**EXERCISE**
All lines from the one containing "Yakuza Reincarnation (TPB)" to the end of the material are to be given again exactly; leave out every line before it.

(DATA TO PROCESS Opens)

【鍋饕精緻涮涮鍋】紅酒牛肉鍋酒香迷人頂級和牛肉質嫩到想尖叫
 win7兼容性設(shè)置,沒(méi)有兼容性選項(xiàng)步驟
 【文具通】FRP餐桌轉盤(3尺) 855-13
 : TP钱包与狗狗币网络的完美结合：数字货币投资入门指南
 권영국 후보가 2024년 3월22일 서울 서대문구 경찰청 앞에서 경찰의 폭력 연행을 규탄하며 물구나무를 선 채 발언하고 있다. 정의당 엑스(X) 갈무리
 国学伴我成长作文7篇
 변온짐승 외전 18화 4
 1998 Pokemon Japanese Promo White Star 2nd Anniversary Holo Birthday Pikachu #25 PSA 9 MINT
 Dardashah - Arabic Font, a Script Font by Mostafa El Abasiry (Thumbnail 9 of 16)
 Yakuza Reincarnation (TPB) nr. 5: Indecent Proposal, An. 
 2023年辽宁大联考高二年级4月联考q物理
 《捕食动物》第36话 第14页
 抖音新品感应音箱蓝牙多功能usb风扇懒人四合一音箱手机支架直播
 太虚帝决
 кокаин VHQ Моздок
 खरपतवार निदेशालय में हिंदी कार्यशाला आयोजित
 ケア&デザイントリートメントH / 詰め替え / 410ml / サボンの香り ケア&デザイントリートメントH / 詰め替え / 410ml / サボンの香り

(DATA TO PROCESS Closes)

**YOUR RESPONSE**
 Yakuza Reincarnation (TPB) nr. 5: Indecent Proposal, An. 
 2023年辽宁大联考高二年级4月联考q物理
 《捕食动物》第36话 第14页
 抖音新品感应音箱蓝牙多功能usb风扇懒人四合一音箱手机支架直播
 太虚帝决
 кокаин VHQ Моздок
 खरपतवार निदेशालय में हिंदी कार्यशाला आयोजित
 ケア&デザイントリートメントH / 詰め替え / 410ml / サボンの香り ケア&デザイントリートメントH / 詰め替え / 410ml / サボンの香り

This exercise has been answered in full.